◆ **ASSIGNMENT**
Output exactly, and only, the lines below from the one with "Hakkari’de zincir marketler denetlendi" down to the one with "plusS Women Green". Include both end lines and no pictures.

◆ **INFORMATION GIVEN**
--- START ---
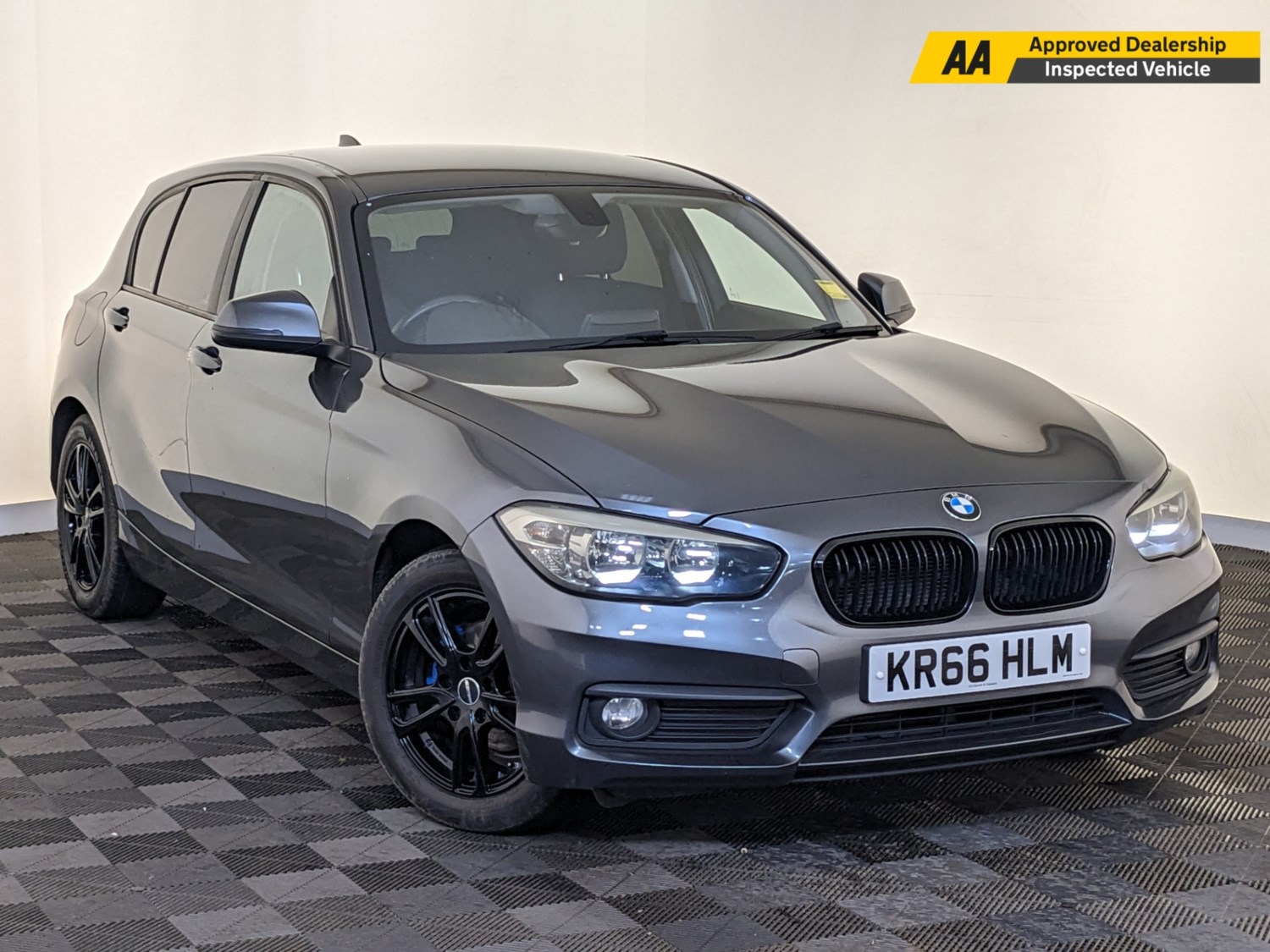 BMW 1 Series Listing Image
--- END ---
--- START ---
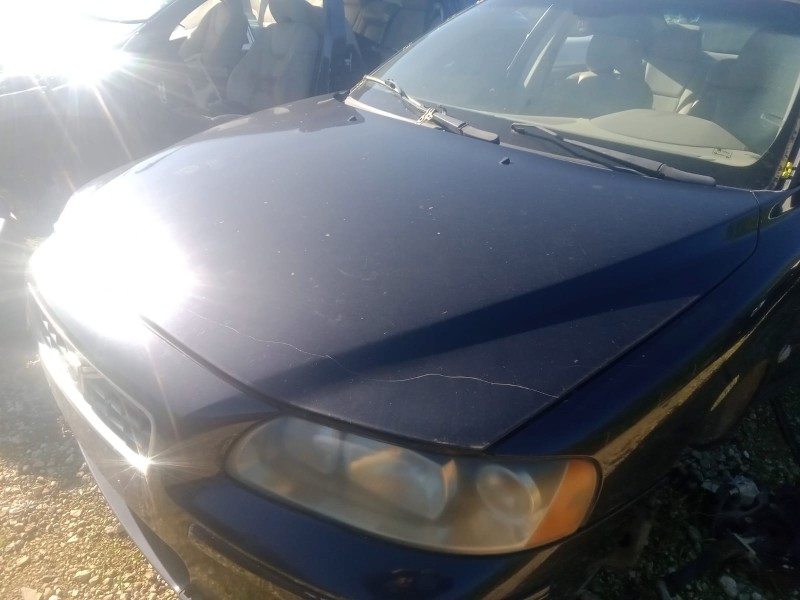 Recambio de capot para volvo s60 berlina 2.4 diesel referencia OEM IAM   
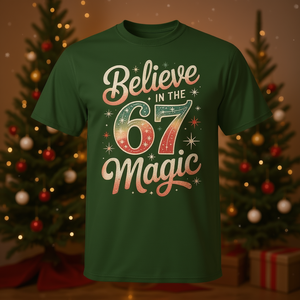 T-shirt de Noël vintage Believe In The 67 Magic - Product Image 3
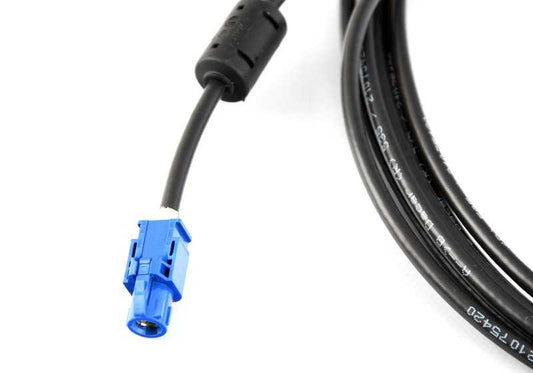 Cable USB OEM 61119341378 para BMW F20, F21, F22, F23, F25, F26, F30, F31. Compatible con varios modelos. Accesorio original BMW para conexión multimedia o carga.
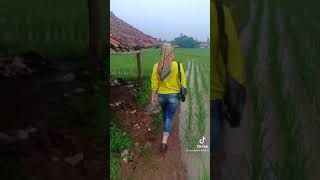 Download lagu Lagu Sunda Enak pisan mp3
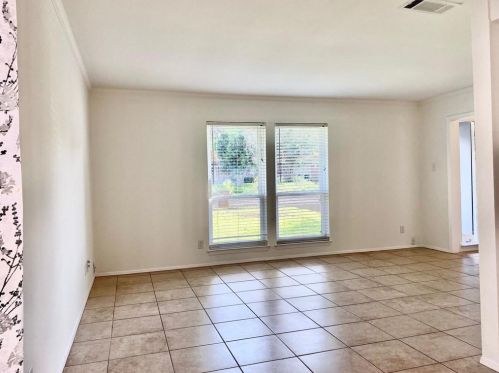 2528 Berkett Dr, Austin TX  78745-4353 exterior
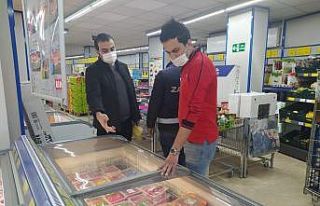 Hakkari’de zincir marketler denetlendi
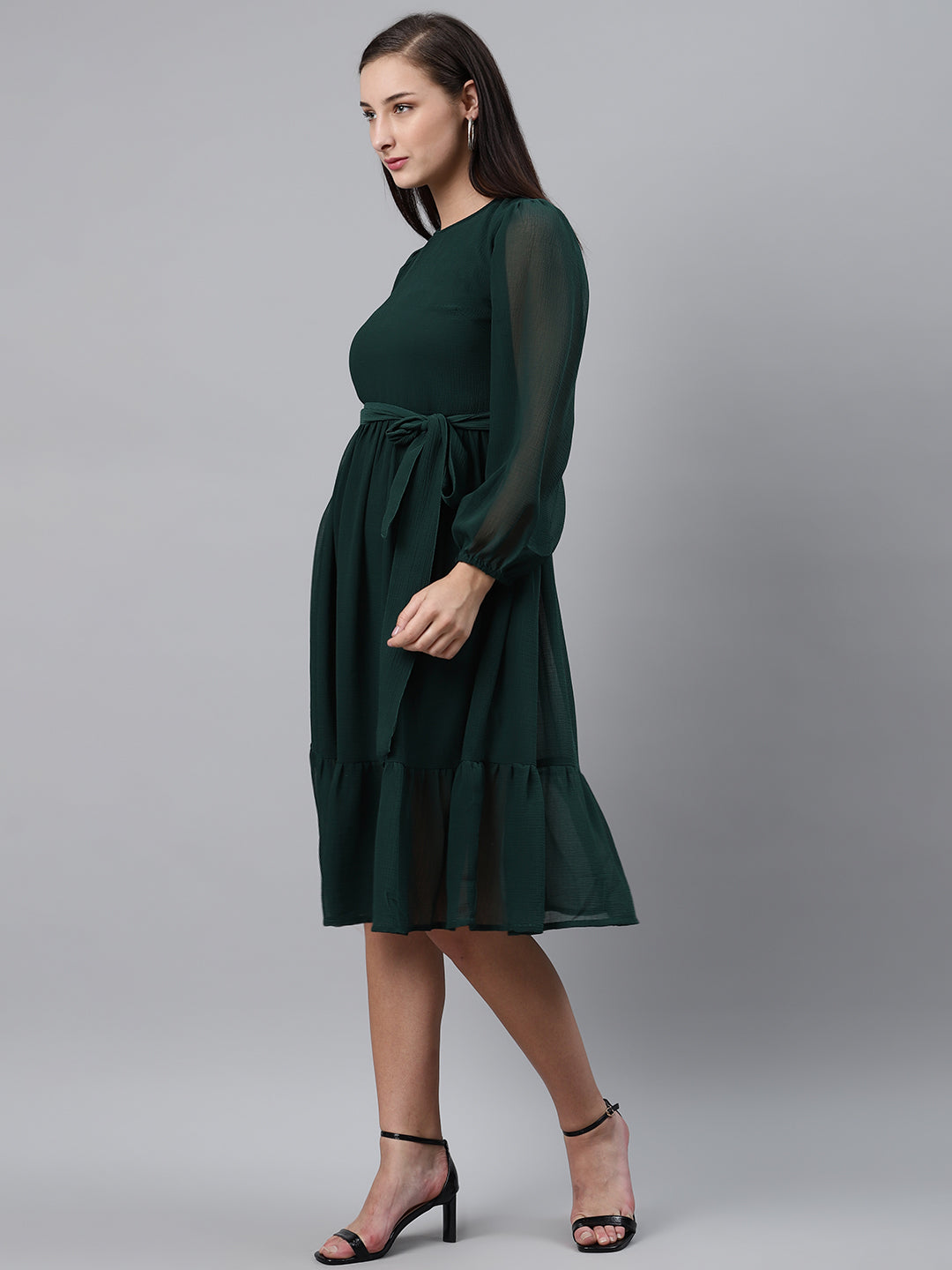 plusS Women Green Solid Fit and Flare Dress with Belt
--- END ---
--- START ---
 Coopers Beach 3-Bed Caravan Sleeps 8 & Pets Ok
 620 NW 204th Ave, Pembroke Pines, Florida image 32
--- END ---
◆ **EXERCISE RESPONSE**
 Hakkari’de zincir marketler denetlendi
 plusS Women Green Solid Fit and Flare Dress with Belt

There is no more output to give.